With all due respect, you are talking about everything, but never had any objective comparison where the RC-tracing GC were the culprit.

> RC is super cheap. Seriously. You can do about several billion of them per second. Your malloc/free call is going to be more expensive.

Yes, and it is completely irrelevant. Good tracing GCs can use a thread local bump allocator, and it can even defragment it automatically later.

> Sure. Atomic counters are relatively expensive. But I’m good designs there’s very few of them. And they easily show up in hotspot

That’s just false, unless you are using something like cachgrind or so — any sane compiler will inline the 2-3 instructions of counter increment/decrements.

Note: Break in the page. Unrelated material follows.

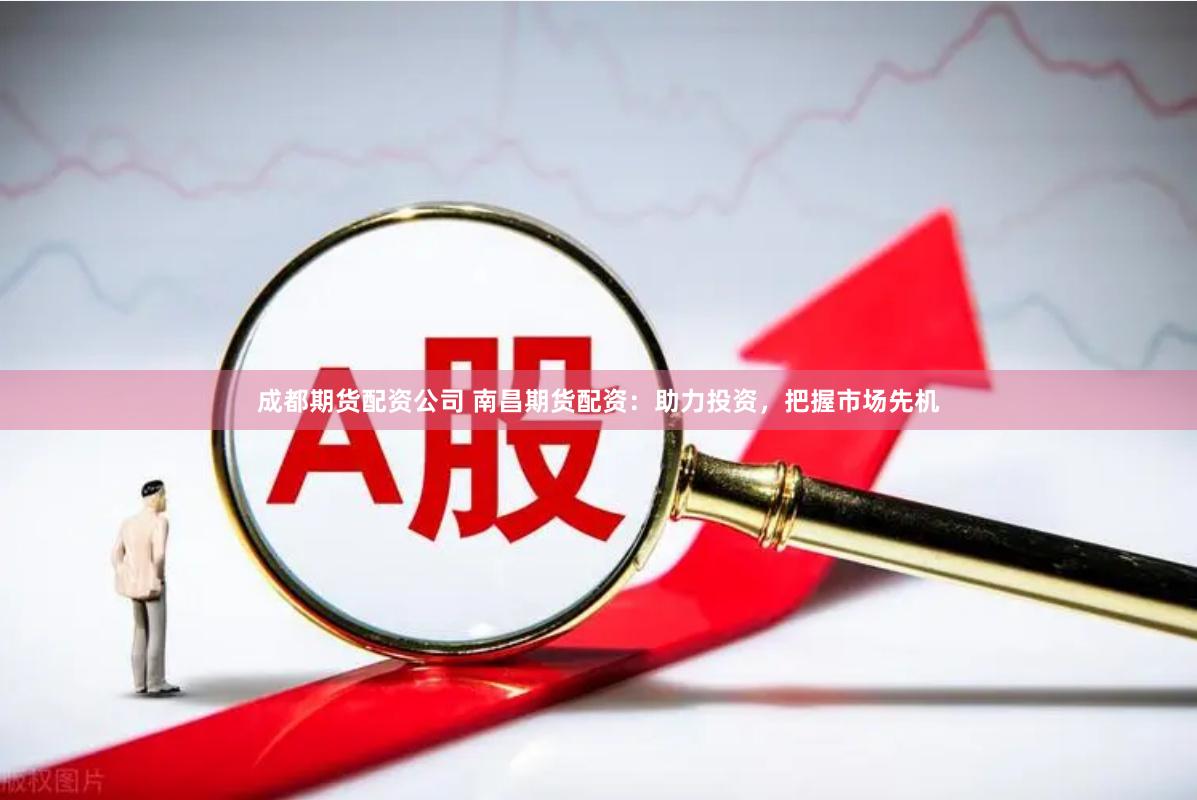 成都期货配资公司 南昌期货配资：助力投资，把握市场先机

It is the stereotypical “death by thousands cuts”, never showing up in profiling.

> Most languages that use RC actually avoid most memory allocations/frees by leveraging value composition instead of referential ownership.

I’m sorry but this has absolutely nothing to do with the topic here, there are plenty of tracing GCd languages that can do that as well, like D, Go, C#, Nim just from the top of my head. That’s just a completely different axis.

> I did actually provide proof by the way. Apple’s phones use half the RAM as Android and are at least as equally fast even if you discount better HW

That only proves that RCs use less memory, which as has been pointed out in the thread many times is one of its few positives — it does make sense to use in a mobile phone, but then you finish off with “ big hyperscaler is unlikely to be using Java for their core performance-critical infrastructure” which is just bad logic, and straight up false. Half of the internet literally runs on Java, with heap sizes going up to the terabytes range. Alibaba, many part of Google, Apple’s literally every backend system, Twitter, whole cloud providers(!) all run on the JVM.

> You only do this when you need to share ownership

That’s like.. the point of garbage collection algorithms? Otherwise you why don’t you just randomly increment a counter here and there?!

> Not only was the initial version faster than the equivalent Java code (not surprising since c++ will outperform due to no auto boxing, at least at the time

You literally give the reason why it was faster — you are comparing a sequentially laid out data structure to one of pointers. The effect size of that will trump any concern about which GC algorithm is used, so your point doesn’t apply here at all.